Because this court has decided its cases by more 5-4 votes than any other, it’s not usually nine people deciding whether you have the right to marry your partner or have an abortion. For these extremely important and easily politicized questions, it’s only one vote that really matters. Unless Swingman Kennedy finds it in his politics to lean toward the middle, these all go to the conservatives. And as the entire Supreme Court has shifted to the right over the last century, with the most conservative justices sitting much farther from the center than the liberals, the swing vote in the middle has become the most conservative middle vote in history, too.
This is an aging court – when eight of the nine justices were born, there were only 49 states. The oldest justice, Ruth Bader Ginsburg, is 79; sadly, she has pancreatic cancer.
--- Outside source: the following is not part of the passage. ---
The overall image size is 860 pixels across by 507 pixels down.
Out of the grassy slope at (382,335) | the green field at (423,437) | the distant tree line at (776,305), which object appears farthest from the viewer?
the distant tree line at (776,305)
The next two, Scalia and Kennedy, are 76. Steven Breyer is 74. Whoever wins the election next week will almost certainly get to pick between one and three new Supreme Court justices. And because justices are serving longer terms – since the Seventies the average has been 24 years – we’ll have to live with those choices for a generation. So this is an old, ideologically split, decidedly conservative court. Did I mention it’s also quite political? The court can only rule on the cases on its docket, but it has a huge influence on what cases (and which specific issues), land in the pile on its doorstep.
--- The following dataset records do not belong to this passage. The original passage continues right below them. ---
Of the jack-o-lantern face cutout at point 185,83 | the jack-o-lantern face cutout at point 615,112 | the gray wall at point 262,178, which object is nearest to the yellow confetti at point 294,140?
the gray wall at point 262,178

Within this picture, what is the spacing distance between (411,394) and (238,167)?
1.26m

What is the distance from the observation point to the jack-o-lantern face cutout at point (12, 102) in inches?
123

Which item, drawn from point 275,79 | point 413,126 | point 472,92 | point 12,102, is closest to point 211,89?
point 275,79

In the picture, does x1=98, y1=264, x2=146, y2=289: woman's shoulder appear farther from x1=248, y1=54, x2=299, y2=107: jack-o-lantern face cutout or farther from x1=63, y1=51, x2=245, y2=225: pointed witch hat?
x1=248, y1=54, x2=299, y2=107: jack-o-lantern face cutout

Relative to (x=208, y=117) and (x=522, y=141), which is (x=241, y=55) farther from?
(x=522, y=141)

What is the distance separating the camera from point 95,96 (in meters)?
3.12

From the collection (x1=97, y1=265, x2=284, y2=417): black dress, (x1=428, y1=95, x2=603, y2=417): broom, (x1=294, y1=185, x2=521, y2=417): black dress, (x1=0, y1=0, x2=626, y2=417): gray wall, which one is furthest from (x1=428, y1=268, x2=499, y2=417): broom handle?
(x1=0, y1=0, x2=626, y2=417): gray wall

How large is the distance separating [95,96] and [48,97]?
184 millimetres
Justices do this by direct and indirect invitation to lawyers and litigants, in effect saying, “Now is a good time to make your case a winner,” because we’ve got the right five people to drive this through the system. That’s happening – Alito and Roberts are particularly known for it – and they’re attracting cases we all care about. Soon the Supreme Court will rule on, and likely overturn, the Voters Rights Act – you know, the one that stopped southern states from withholding the vote from anybody who wasn’t white and rich. Also up soon, the Defense of Marriage Act, which ought to be called the Offense by Homophobes Act. And of course, they can’t wait to get their hands on Roe v. Wade. Controlling women’s reproductive systems is perhaps the highest priority on their agenda. The court will rule on these and many other vital issues over the next few years, and once they have, they’ll be settled.
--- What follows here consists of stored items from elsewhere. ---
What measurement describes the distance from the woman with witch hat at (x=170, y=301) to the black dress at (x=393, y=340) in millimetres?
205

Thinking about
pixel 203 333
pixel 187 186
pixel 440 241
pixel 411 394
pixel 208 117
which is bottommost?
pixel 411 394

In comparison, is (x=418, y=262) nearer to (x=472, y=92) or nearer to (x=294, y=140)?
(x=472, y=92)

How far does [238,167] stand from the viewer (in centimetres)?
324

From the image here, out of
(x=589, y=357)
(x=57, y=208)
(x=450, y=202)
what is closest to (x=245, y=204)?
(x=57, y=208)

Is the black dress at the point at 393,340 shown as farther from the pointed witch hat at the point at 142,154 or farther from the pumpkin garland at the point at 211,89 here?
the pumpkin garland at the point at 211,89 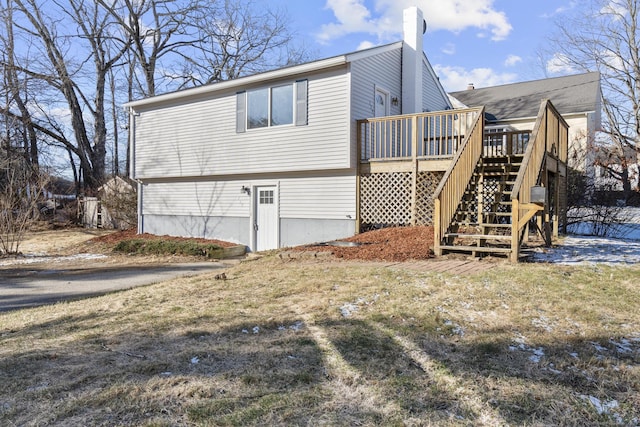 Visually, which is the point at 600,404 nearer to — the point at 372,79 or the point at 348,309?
the point at 348,309

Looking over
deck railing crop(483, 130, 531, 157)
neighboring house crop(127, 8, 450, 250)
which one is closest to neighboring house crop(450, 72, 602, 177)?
deck railing crop(483, 130, 531, 157)

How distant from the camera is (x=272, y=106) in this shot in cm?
1270

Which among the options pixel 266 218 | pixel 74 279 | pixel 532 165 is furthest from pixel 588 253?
pixel 74 279

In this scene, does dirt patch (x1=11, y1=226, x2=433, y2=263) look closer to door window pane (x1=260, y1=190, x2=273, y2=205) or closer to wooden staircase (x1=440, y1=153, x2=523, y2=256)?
wooden staircase (x1=440, y1=153, x2=523, y2=256)

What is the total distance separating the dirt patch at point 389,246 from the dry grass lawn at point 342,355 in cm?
186

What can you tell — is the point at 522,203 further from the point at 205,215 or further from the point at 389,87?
the point at 205,215

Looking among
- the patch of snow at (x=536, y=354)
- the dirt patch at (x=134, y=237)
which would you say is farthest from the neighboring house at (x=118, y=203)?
the patch of snow at (x=536, y=354)

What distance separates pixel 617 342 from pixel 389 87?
10.9 meters

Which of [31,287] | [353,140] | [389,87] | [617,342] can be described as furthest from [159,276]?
[389,87]

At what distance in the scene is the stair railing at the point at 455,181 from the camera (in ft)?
23.7

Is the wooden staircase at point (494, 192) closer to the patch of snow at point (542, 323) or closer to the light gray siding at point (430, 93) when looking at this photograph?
the patch of snow at point (542, 323)

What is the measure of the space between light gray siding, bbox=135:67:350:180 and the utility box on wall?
5.67 metres

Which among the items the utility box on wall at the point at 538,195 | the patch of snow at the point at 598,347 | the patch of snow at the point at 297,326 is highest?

We can’t fire the justices, and we can’t appeal their decisions. But we can choose the person who picks them in the first place. And that’s one of the top reasons I’m voting for Barack Obama. If Obama gets elected, he’ll nominate moderates – not only because he is one, but because the Senate, which has to approve his nominations, won’t allow anyone further left than dead center onto the bench. Personally, I’d love three more Ruth Bader Ginsbergs, but hey, center will do. If Romney wins, he’ll try to do what he says on his website: “nominate judges in the mold of Chief Justice Roberts and Justices Scalia, Thomas and Alito.” Those are the four most right-wing and politicized judges to have ever served the court, and even one more nomination in that mold would lock in their ultra-conservative majority for years. One reason I’m voting for Obama is because his policies are better, but that’s my secondary reason. When we decide who gets to be president, we’re also deciding what the Supreme Court looks like for a generation to come.